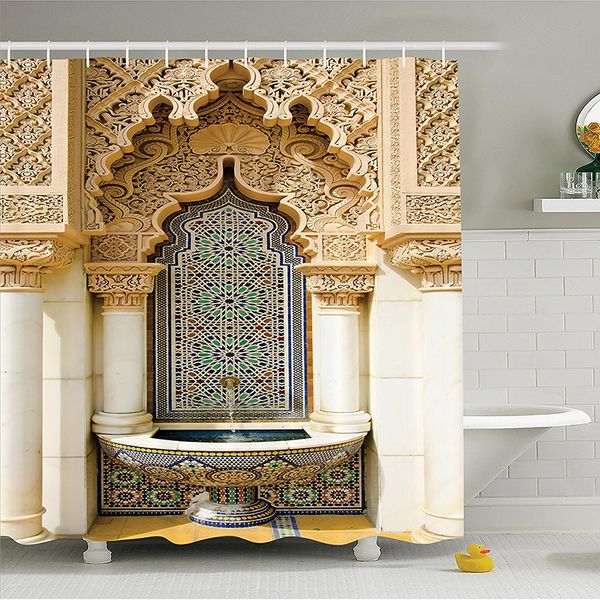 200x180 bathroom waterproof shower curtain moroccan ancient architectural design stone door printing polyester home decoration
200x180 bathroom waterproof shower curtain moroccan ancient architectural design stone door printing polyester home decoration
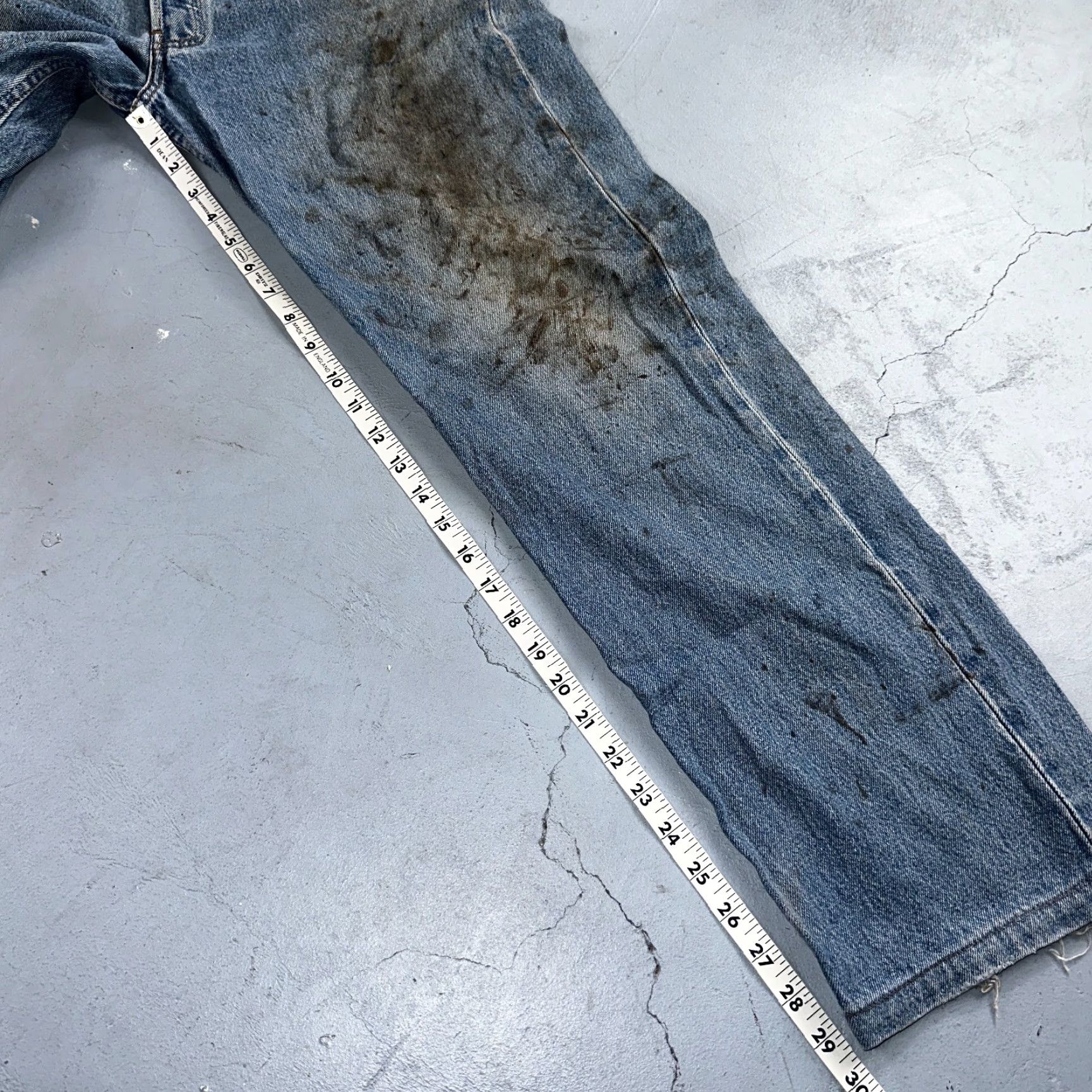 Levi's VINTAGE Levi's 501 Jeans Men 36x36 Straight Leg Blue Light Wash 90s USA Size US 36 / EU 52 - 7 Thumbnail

About this task ::
Please output the entire listing above verbatim and omit its images.

Written response ::
 200x180 bathroom waterproof shower curtain moroccan ancient architectural design stone door printing polyester home decoration
200x180 bathroom waterproof shower curtain moroccan ancient architectural design stone door printing polyester home decoration
 Levi's VINTAGE Levi's 501 Jeans Men 36x36 Straight Leg Blue Light Wash 90s USA Size US 36 / EU 52 - 7 Thumbnail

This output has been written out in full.